Oracle: Full text search with condition
Asked Answered
S

4

11

I've created an Oracle Text index like the following:

create index my_idx on my_table (text) indextype is ctxsys.context; 

And I can then do the following:

select * from my_table where contains(text, '%blah%') > 0;

But lets say we have a have another column in this table, say group_id, and I wanted to do the following query instead:

select * from my_table where contains(text, '%blah%') > 0 and group_id = 43;

With the above index, Oracle will have to search for all items that contain 'blah', and then check all of their group_ids.

Ideally, I'd prefer to only search the items with group_id = 43, so I'd want an index like this:

create index my_idx on my_table (group_id, text) indextype is ctxsys.context; 

Kind of like a normal index, so a separate text search can be done for each group_id.

Is there a way to do something like this in Oracle (I'm using 10g if that is important)?

Edit (clarification)

Consider a table with one million rows and the following two columns among others, A and B, both numeric. Lets say there are 500 different values of A and 2000 different values of B, and each row is unique.

Now lets consider select ... where A = x and B = y

An index on A and B separately as far as I can tell do an index search on B, which will return 500 different rows, and then do a join/scan on these rows. In any case, at least 500 rows have to be looked at (aside from the database being lucky and finding the required row early.

Whereas an index on (A,B) is much more effective, it finds the one row in one index search.

Putting separate indexes on group_id and the text I feel only leaves the query generator with two options.

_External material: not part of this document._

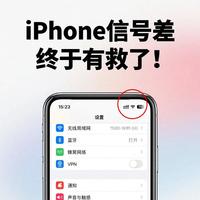 iPhone信号优化指南：设置调整与维护策略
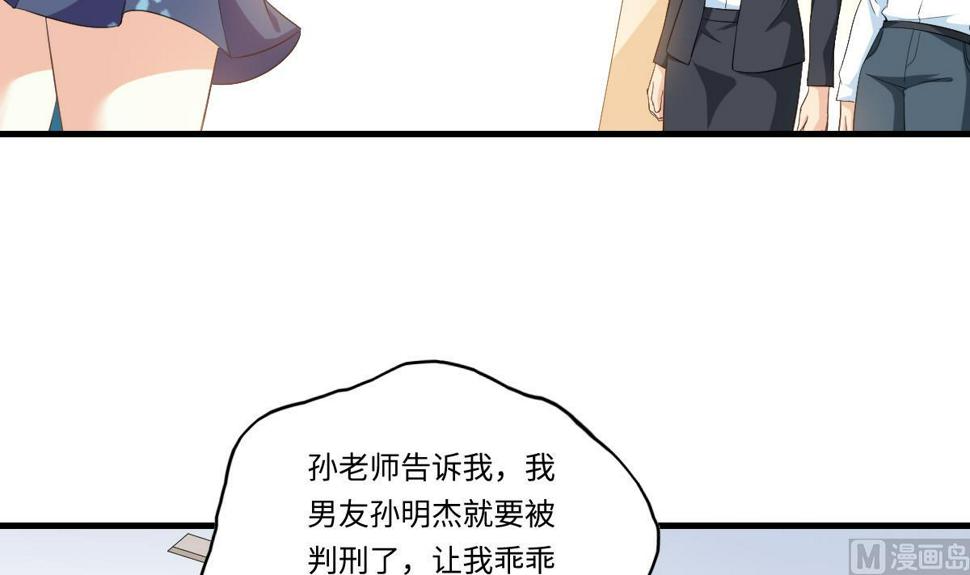 寄养女的复仇 漫画最新章节免费阅读漫画,第202话 林乔正黑化2图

(1) Use the group_id index, and scan all the resulting rows for the text.
(2) Use the text index, and scan all the resulting rows for the group_id.
(3) Use both indexes, and do a join.

Whereas I want:

(4) Use the (group_id, "text") index to find the text index under the particular group_id and scan that text index for the particular row/rows I need. No scanning and checking or joining required, much like when using an index on (A,B).

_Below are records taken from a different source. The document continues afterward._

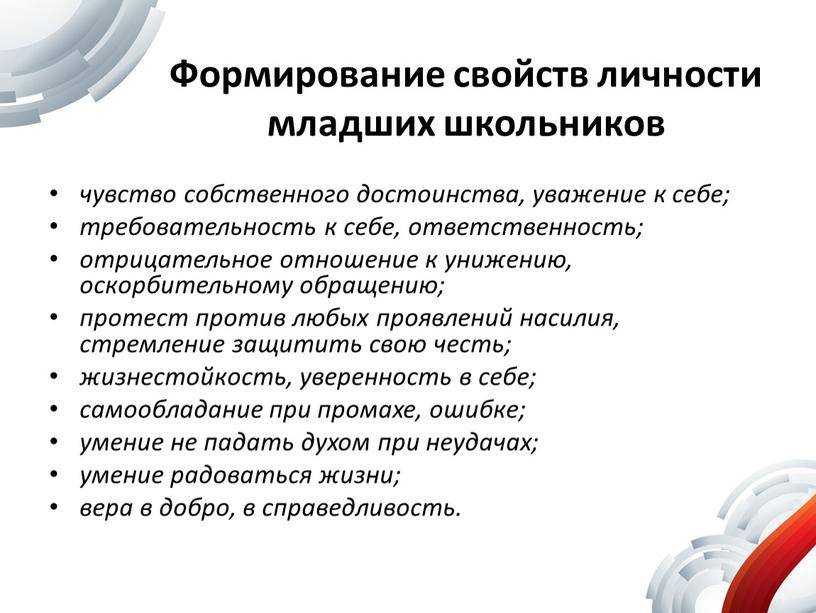 Формирование свойств личности младших школьников чувство собственного достоинства, уважение к себе; требовательность к себе, ответственность; отрицательное отношение к унижению, оскорбительному обращению; протест против любых проявлений…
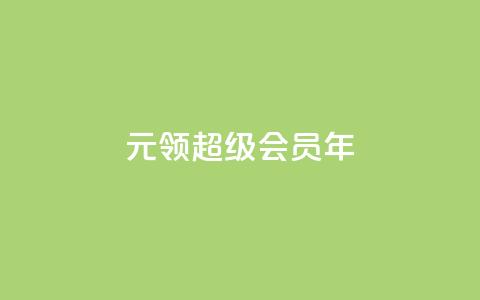 0.01元领qq超级会员1年,抖音免费领1000播放量网站 - 抖音免获得粉丝的软件 qq自助下单平台秒速  第1张 0.01元领qq超级会员1年,抖音免费领1000播放量网站 - 抖音免获得粉丝的软件 qq自助下单平台秒速  第1张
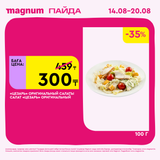 Magnum 1620x1620 1 tov 2025 08 13T112115.300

Signorelli answered 9/9, 2011 at 6:54 Comment(3)
I don't think you understand what contains(text, ...) actually does. contains() is not the kind of function you use to filter results based on occurrences of a certain word. It actually calculates a sort of relevance score any given text has for the column you are using it on.Adkinson
Say you have a row that has text = 'hello world'. When you do a where contains(text, 'hello') > 0 this row might or not might be included. Are you sure this is what you actually want?Adkinson
@NullUserException: Could you explain in an answer what contains(...) (and catsearch(...)) actually does, and if any of them does a full text search? (i.e. what you typical get if you use "find" in a text editor).Signorelli
A
10

Oracle Text

1 - You can improve performance by creating the CONTEXT index with FILTER BY:

create index my_idx on my_table(text) indextype is ctxsys.context filter by group_id;

In my tests the filter by definitely improved the performance, but it was still slightly faster to just use a btree index on group_id.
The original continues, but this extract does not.